## THE DATA
..........

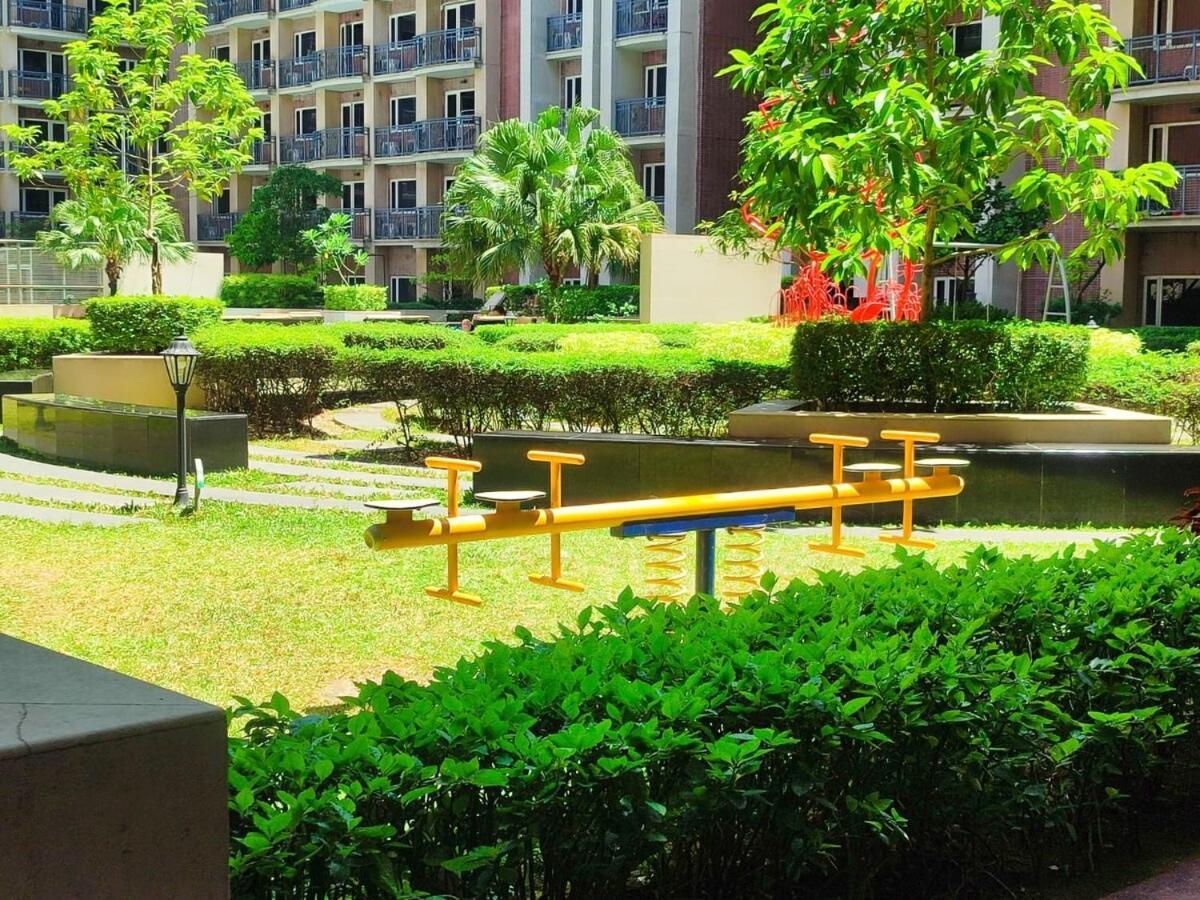 Apartment With Balcony And Free Pool Usage *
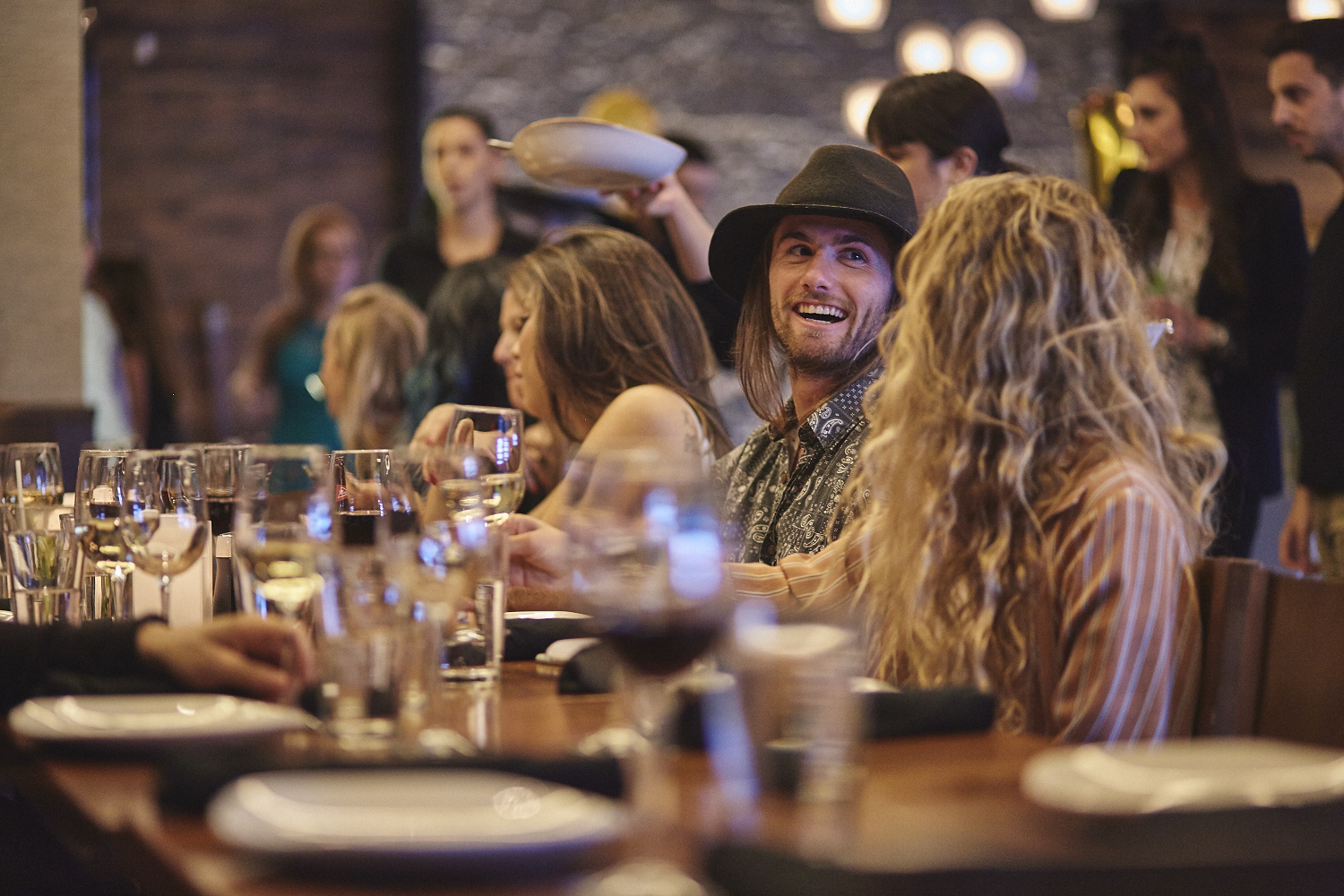 Une belle gang d'influenceurs rassemblée pour une tournée de sake bomb au PF Chang's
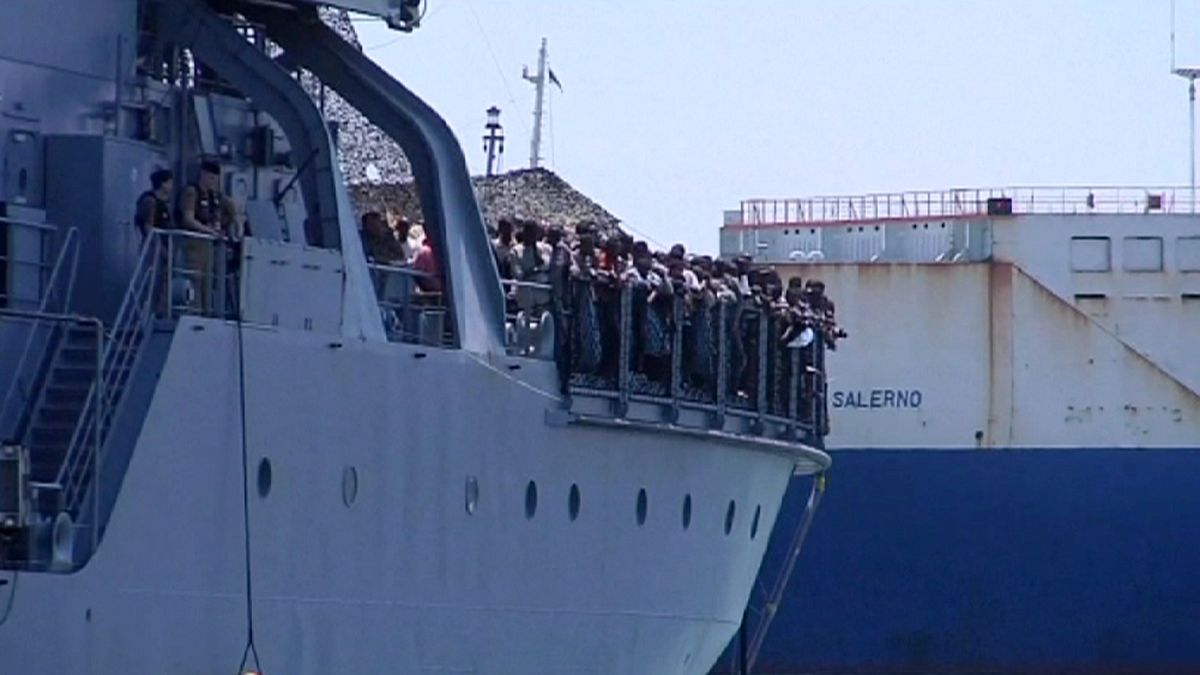 ألفان وسبعمئة مهاجر تم إنقاذهم في أربع وعشرين ساعة في مياه المتوسط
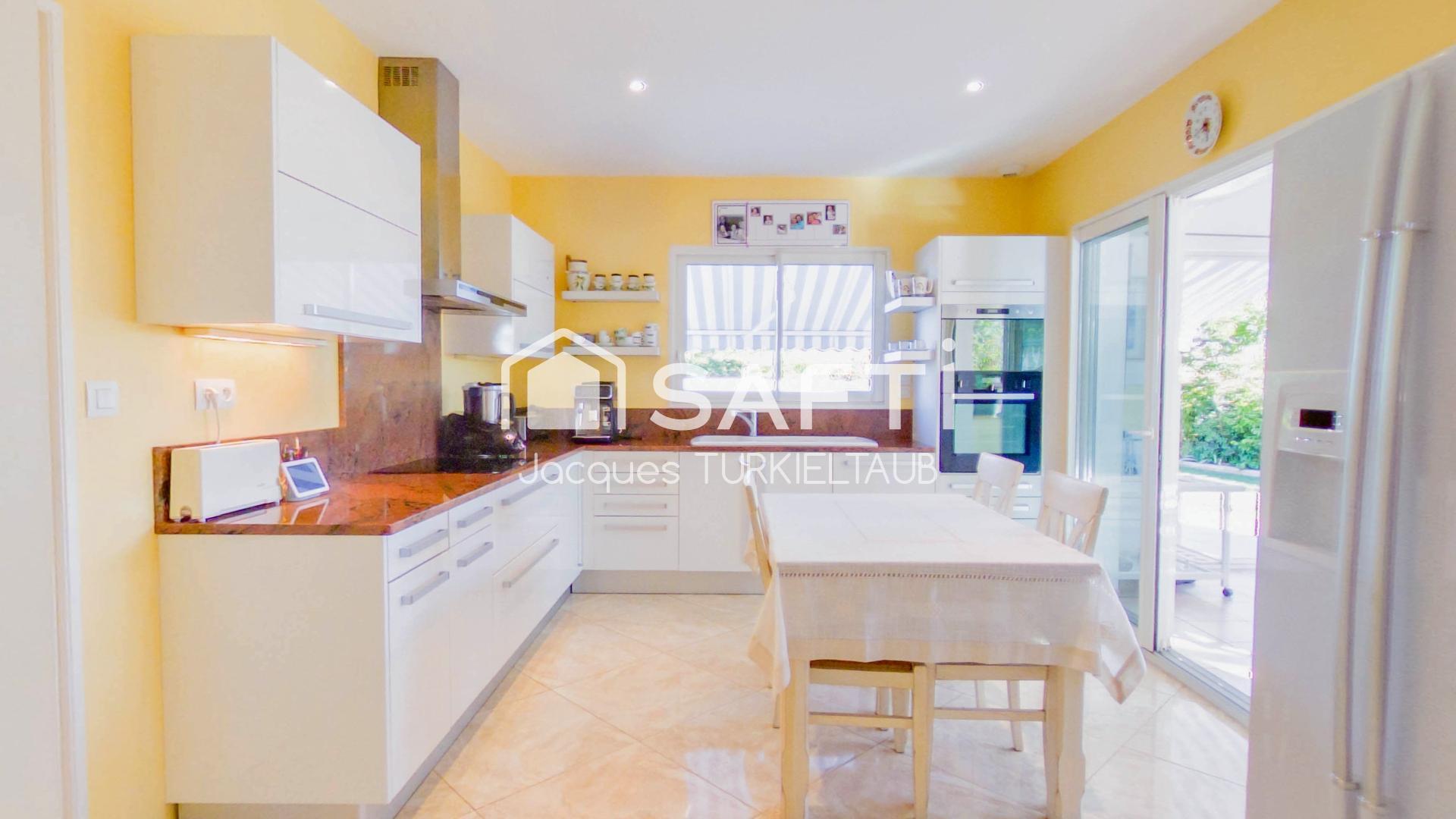 Photo SAFTI — Maison 5 pièces, 170 m² à Soubise 4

..........

Drop the pictures, then transcribe the lines from the one containing "ألفان وسبعمئة مهاجر" to the end of the data above, exactly and nothing more.

 ألفان وسبعمئة مهاجر تم إنقاذهم في أربع وعشرين ساعة في مياه المتوسط
 Photo SAFTI — Maison 5 pièces, 170 m² à Soubise 4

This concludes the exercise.